Spirit and Sound: A Concert Series presents:
Singing to Krishna in Court: Rethinking God, Gender, and Genre in North Indian Classical Music
Featuring performances by:
Ashwini Bhide Deshpande, lead vocalist
Sanjay Deshpande, Tabla
Tanmay Deochake, Harmonium
Followed by a panel discussion with:
Professor Akeel Bilgrahmi, Sidney Morgenbesser Professor of Philosophy, Columbia University
Professor Shayoni Mitra, Assistant Professor of Theater, Barnard College
Tyler Williams, PhD Candidate and Teaching Fellow at MESAAS, Columbia University
Hosted and curated by:
Yogi Trivedi, PhD candidate in Religion, Columbia University
Columbia University’s Institute for Religion, Culture, and Public Life presents Spirit and Sound: A Concert Series, four musical events throughout the 2013-14 academic year from different religious and cultural traditions, which broadly looks at how religion, faith, identity, community, and the political intermingle in the musical expressions of faith. Two concerts were presented in the fall: the first on the African-American Ring Shout, the second on Middle Eastern Religious music of Jewish, Islamic, and Christian traditions. This spring, Sound and Spirit will present an event on the Bhakti musical tradition in Hinduism, and an evening of Eastern Orthodox Christian music.
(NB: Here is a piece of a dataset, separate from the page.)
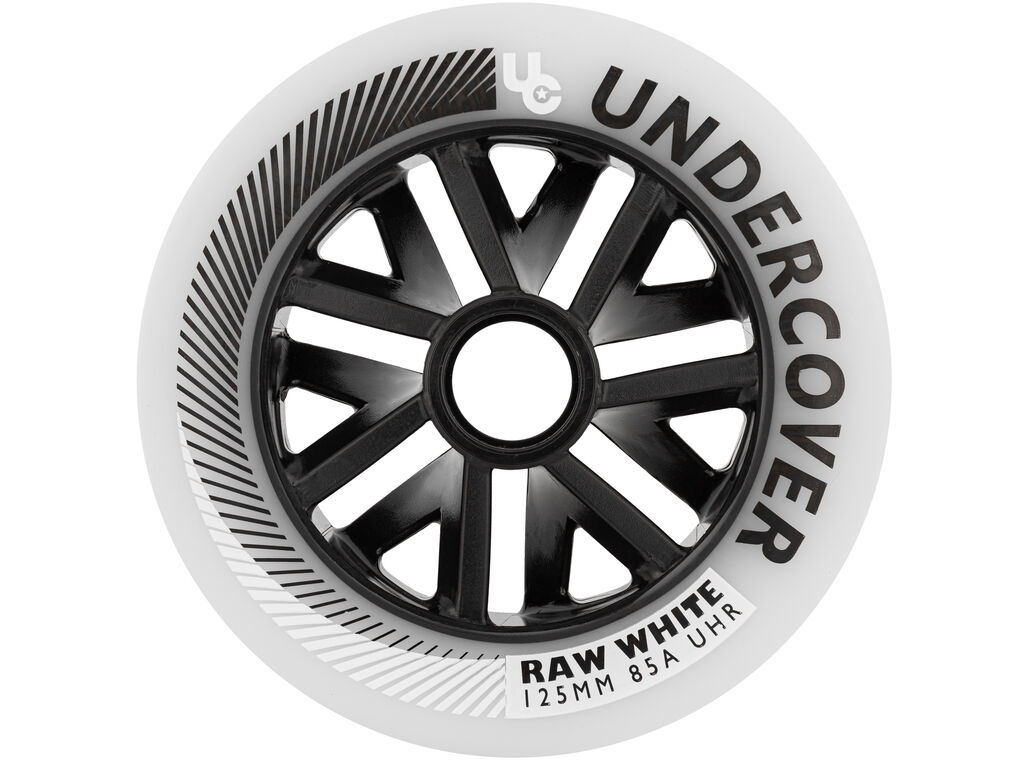 Powerslide Kolieska Undercover Raw White (6ks)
North Indian Classical or Hindustani Music has a long history of integration and syncretism. This multifarious identity, however, has commonly led musicians and scholars to think of Hindustani music in terms of binaries: religious or secular, bhakti or riti, classical or vernacular, textual or performative, Indic or Islamicate, Hindu or Muslim.
Join us for an intimate performance of and conversation about Hindustani Classical and Bhakti Music, in which we aim to rethink such a bifurcated classification and approach.
Ashwini Bhide Deshpande is one of the finest female vocalists in India today. Her repertoire includes various genres of classical music, including khayal, thumri, bhajans, andabhangs, making her versatile, soulful performances an outstanding example of the syncretic formation of North Indian or Hindustani music, and an ideal case study of which to ask serious questions relating to religion, music, and public life in early modern, colonial, and contemporary India.
The performance will be followed by a panel discussion led by Yogi Trivedi, a Hindustani vocalist, journalist, and PhD Candidate in Religion at Columbia University.